The part below that opens with the line containing "Ināra - vilnas bleizeris" and closes with the line containing "Funko Bitty POP!" should be copied exactly, minus any pictures.

— Listed entries —
☆ ☆ ☆
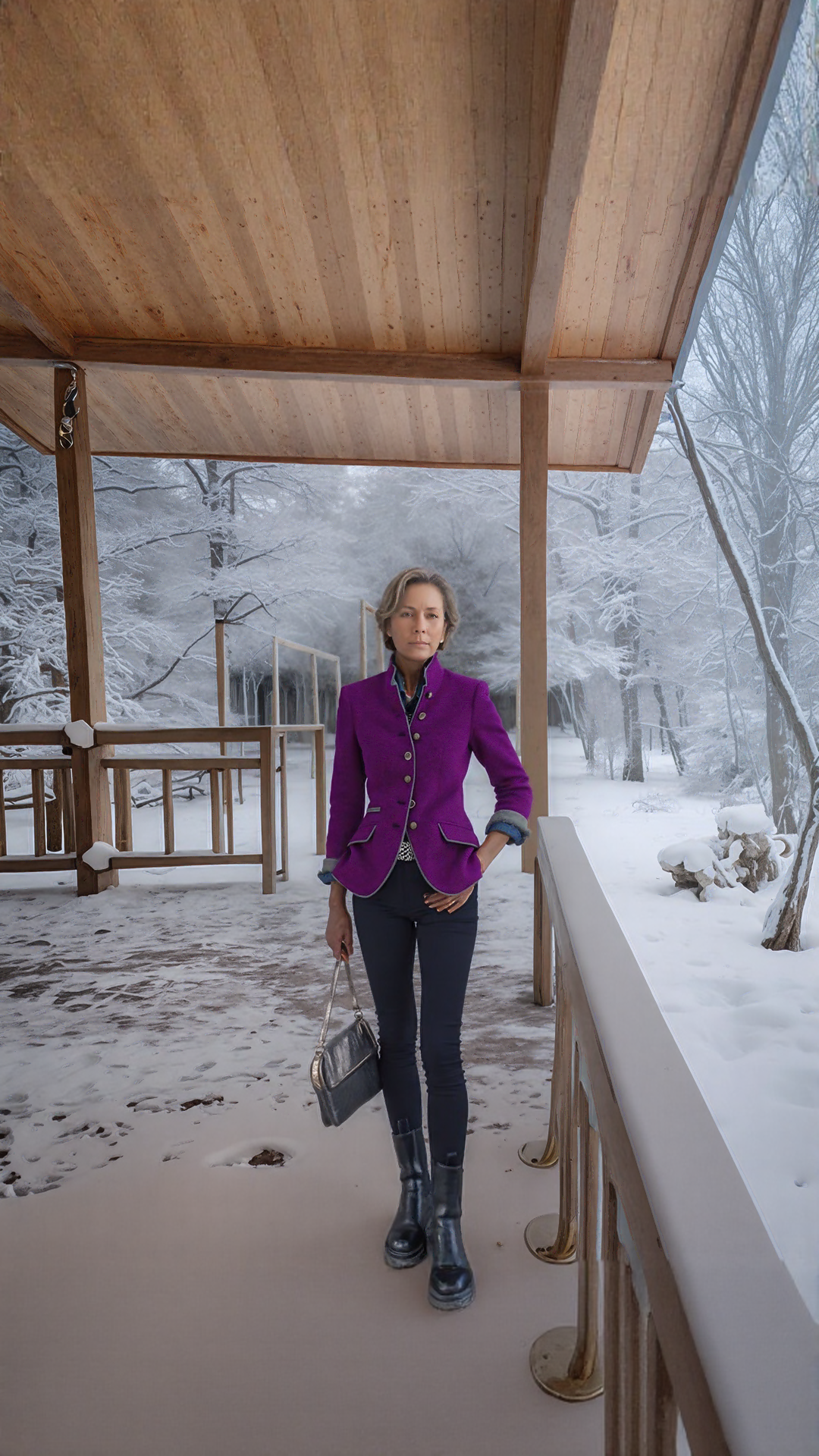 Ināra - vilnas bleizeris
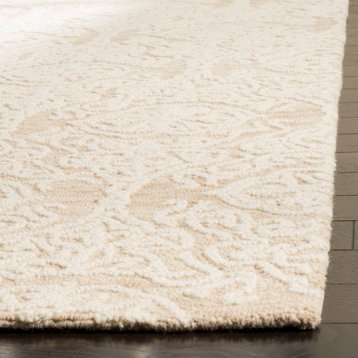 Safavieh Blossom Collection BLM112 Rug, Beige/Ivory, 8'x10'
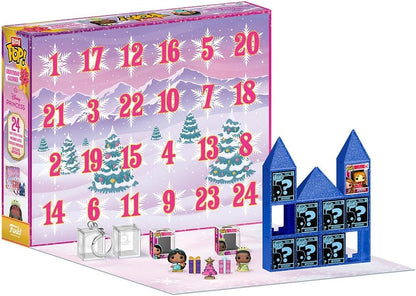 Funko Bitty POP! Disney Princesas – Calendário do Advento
☆ ☆ ☆
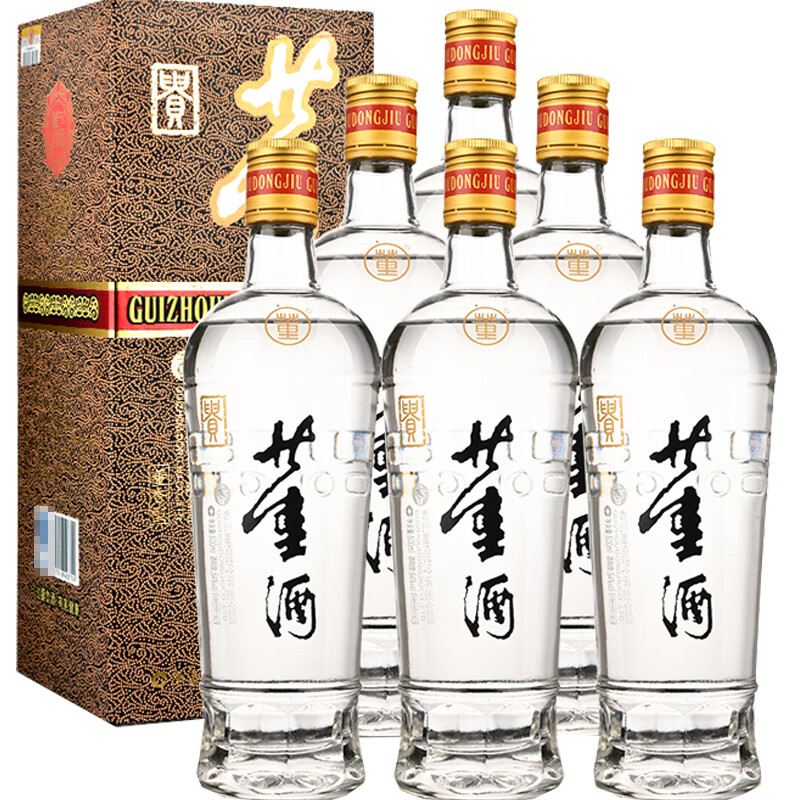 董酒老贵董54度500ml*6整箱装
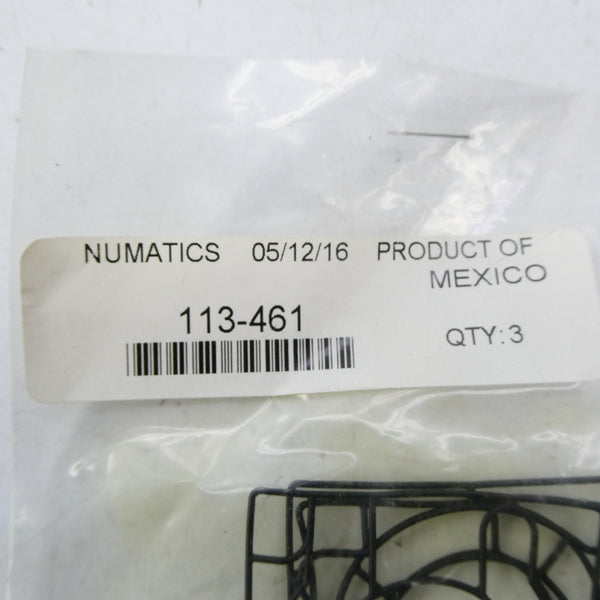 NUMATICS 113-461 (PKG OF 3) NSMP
☆ ☆ ☆
— Response area —
 Ināra - vilnas bleizeris
 Safavieh Blossom Collection BLM112 Rug, Beige/Ivory, 8'x10'
 Funko Bitty POP! Disney Princesas – Calendário do Advento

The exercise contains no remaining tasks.